Texas operates under Dustin's Rule: counties and non-school special districts are not granted home rule privileges, while cities and school districts have those privileges only in the limited instances specified below.

Sections 4 and 5 discuss the operation of cities based on population. Section 4 states that a city with a population of 5,000 or fewer has only those powers granted to it by general law; Section 5 permits a city, once its population exceeds 5,000, to adopt a charter under home rule provided the charter is not inconsistent with limits placed by the Texas Constitution or general law (the city may amend to maintain home rule status even if its population subsequently falls to 5,000 or fewer).

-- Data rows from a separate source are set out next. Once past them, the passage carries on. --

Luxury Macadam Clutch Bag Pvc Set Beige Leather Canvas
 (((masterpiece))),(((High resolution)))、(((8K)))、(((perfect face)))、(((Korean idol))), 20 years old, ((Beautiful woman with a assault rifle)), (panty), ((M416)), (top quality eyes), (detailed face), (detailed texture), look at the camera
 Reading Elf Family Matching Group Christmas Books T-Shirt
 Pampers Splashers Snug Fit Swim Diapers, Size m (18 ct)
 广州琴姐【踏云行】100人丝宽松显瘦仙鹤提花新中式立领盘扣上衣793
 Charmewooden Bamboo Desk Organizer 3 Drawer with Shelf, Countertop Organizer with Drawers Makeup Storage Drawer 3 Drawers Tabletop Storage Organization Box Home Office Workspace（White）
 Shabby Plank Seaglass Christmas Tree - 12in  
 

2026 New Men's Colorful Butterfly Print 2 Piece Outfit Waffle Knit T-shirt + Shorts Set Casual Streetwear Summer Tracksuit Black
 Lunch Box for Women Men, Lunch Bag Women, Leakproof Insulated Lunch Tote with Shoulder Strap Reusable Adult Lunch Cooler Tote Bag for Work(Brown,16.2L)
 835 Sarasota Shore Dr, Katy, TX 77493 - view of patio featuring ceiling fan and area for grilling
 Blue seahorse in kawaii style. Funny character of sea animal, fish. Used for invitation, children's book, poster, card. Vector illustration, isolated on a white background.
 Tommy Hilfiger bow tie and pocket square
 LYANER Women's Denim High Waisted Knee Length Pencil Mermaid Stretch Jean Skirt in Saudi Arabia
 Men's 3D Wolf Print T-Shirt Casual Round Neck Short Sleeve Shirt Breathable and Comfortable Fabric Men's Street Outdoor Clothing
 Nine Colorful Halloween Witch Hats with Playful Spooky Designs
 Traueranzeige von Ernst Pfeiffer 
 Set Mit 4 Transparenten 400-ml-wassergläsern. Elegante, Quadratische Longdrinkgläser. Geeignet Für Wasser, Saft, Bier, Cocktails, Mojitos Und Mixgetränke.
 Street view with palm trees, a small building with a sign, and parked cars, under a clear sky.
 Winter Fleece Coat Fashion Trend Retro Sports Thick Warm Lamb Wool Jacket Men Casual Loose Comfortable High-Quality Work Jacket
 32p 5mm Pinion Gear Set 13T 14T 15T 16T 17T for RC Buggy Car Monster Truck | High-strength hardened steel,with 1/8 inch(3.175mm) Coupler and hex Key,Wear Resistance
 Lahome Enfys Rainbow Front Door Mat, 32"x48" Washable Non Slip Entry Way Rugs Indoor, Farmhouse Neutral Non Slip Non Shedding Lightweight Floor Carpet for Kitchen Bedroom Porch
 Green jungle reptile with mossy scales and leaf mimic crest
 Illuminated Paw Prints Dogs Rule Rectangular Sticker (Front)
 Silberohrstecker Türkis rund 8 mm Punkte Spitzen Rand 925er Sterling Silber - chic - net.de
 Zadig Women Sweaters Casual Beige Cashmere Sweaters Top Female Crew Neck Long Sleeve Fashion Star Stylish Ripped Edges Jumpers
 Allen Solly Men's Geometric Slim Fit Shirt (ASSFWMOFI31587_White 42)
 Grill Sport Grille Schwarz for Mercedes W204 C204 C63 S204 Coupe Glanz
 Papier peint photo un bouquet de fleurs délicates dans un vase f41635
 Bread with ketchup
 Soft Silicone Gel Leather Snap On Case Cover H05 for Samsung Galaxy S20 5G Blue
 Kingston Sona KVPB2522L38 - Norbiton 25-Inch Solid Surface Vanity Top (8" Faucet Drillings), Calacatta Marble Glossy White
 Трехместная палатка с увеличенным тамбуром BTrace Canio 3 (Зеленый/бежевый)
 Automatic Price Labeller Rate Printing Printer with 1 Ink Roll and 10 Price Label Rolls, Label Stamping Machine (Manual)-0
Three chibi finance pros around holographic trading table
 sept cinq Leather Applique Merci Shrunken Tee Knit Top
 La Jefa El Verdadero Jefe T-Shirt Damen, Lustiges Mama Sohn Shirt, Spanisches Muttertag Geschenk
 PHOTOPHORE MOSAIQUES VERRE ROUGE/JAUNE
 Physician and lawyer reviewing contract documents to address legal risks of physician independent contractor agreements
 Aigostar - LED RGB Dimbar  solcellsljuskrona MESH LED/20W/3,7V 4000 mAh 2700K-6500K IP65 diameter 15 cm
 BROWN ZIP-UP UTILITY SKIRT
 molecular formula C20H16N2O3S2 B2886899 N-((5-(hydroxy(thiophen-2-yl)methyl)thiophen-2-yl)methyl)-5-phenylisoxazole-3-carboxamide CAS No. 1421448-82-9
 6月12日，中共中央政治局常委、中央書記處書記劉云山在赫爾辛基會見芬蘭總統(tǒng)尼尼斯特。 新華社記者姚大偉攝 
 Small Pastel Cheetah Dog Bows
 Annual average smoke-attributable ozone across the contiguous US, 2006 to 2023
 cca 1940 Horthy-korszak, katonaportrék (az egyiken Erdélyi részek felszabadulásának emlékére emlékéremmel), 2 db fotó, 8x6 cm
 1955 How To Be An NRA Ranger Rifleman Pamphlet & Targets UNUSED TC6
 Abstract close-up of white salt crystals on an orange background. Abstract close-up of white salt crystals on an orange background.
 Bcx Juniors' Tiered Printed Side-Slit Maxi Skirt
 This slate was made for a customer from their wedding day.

=== Article 12: "Private Corporations" ===
Article 12 contains two sections directing the Legislature to enact general laws for the creation of private corporations and prohibiting the creation of private corporations by special law.

=== Article 13: "Spanish and Mexican Land Titles" ===
Article 13 established provisions for Spanish and Mexican land titles from the Mexican War Era.

=== Article 14: "Public Lands and Land Office" ===
Article 14 contains a single section establishing the General Land Office (the office of Commissioner of the General Land Office is discussed under Article IV).

=== Article 15: "Impeachment" ===
Article 15 describes the process of impeachment and lists grounds on which to impeach judges. The House of Representatives is granted the power of impeachment, while the Senate has power to try all impeachments.

No person may be convicted save by the consent of two-thirds of the Senators present, who have taken an oath or affirmation to impartially try the impeached. Judgement in impeachment cases does not extend beyond removal from office and disqualification from public office. The convicted individual remains subject to trial, indictment and punishment according to law.

All officers while subject to impeachment charges are suspended until the verdict by the Senate has been delivered.

=== Article 16: "General Provisions" ===
Article 16 contains miscellaneous provisions, including limits on interest rates, civil penalties for murder, and the punishment for bribery.

Section 14 All civil officers shall reside within the State; and all district or county officers within their districts or counties and shall keep their offices at such places as may be required by law; and failure to comply with this condition shall vacate the office's held.

Section 28 prohibits garnishment of wages, except for spousal maintenance and child support payments (however, this does not limit Federal garnishment for items such as student loan payments or income taxes).

Section 37 provides for the constitutional protection of the mechanic's lien.

Section 50 provides for protection of a homestead against forced sale to pay debts, except for foreclosure on debts related to the homestead (mortgage, taxes, mechanic's liens, and home equity loans including home equity lines of credit).

=== Article 17: "Mode of amending the Constitution of this State" ===
Notwithstanding the large number of amendments (and proposed amendments) that the Texas Constitution has had since its inception, the only method of amending the Constitution prescribed by Article 17 is via the Legislature, subject to voter approval. The Constitution does not provide for amendment by initiative or referendum, constitutional convention, or any other means.

The section also prescribes specific details for notifying the public of elections to approve amendments. It requires that the legislature publish a notice in officially approved newspapers that briefly summarizes each amendment and shows how each amendment will be described on the ballot. It also requires that the full text of each amendment be posted at each county courthouse at least 50 days (but no sooner than 60 days) before the election date.

== Legacy ==
The approval of this measure effectively ended the Reconstruction era in Texas politics. The resulting Texas Constitution of 1876 is noted for being one of the longest and most frequently amended state constitutions in the United States. Because the document was designed to be highly restrictive, the state legislature often finds it necessary to propose constitutional amendments to handle modern governance issues that the original 1876 text did not anticipate.